* [Your objective]
Your output should be the records below, word for word and picture-free.

* [Provided information]
__________

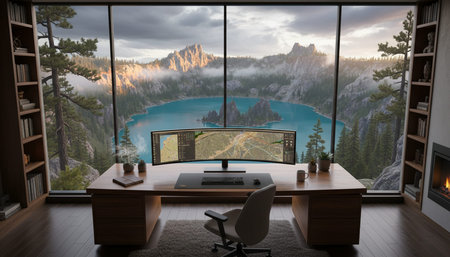 Creative Workspace Interior Room Background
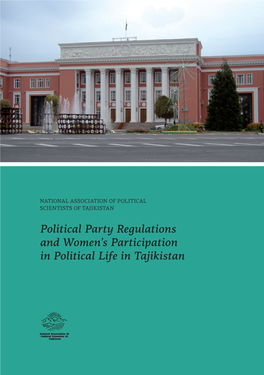 Political Party Regulations and Women's Participation in Political Life in Tajikistan
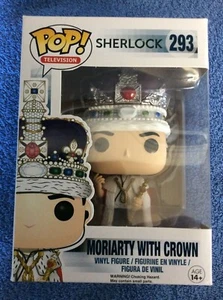 Funko Pop Vinyl Figur TV Serie Sherlock - Moriarty mit Krone #293 Neu - Bild 1 von 6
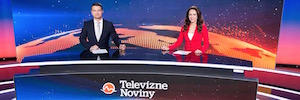 La eslovaca Tv Markíza renueva el plató de sus informativos con videowalls LED de Leyard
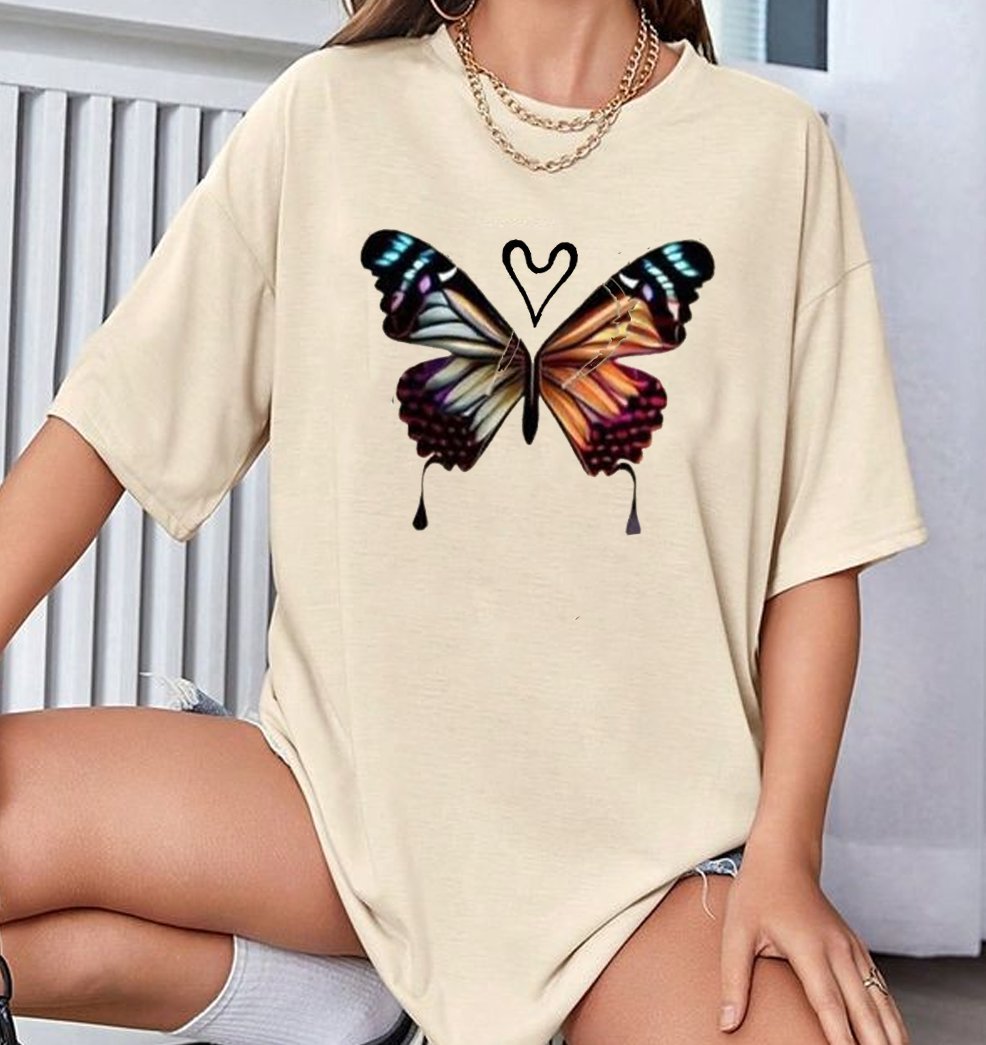 oversized t-shirt cotton - Image 2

__________

* [Exercise solution]
 Creative Workspace Interior Room Background
 Political Party Regulations and Women's Participation in Political Life in Tajikistan
 Funko Pop Vinyl Figur TV Serie Sherlock - Moriarty mit Krone #293 Neu - Bild 1 von 6
 La eslovaca Tv Markíza renueva el plató de sus informativos con videowalls LED de Leyard
 oversized t-shirt cotton - Image 2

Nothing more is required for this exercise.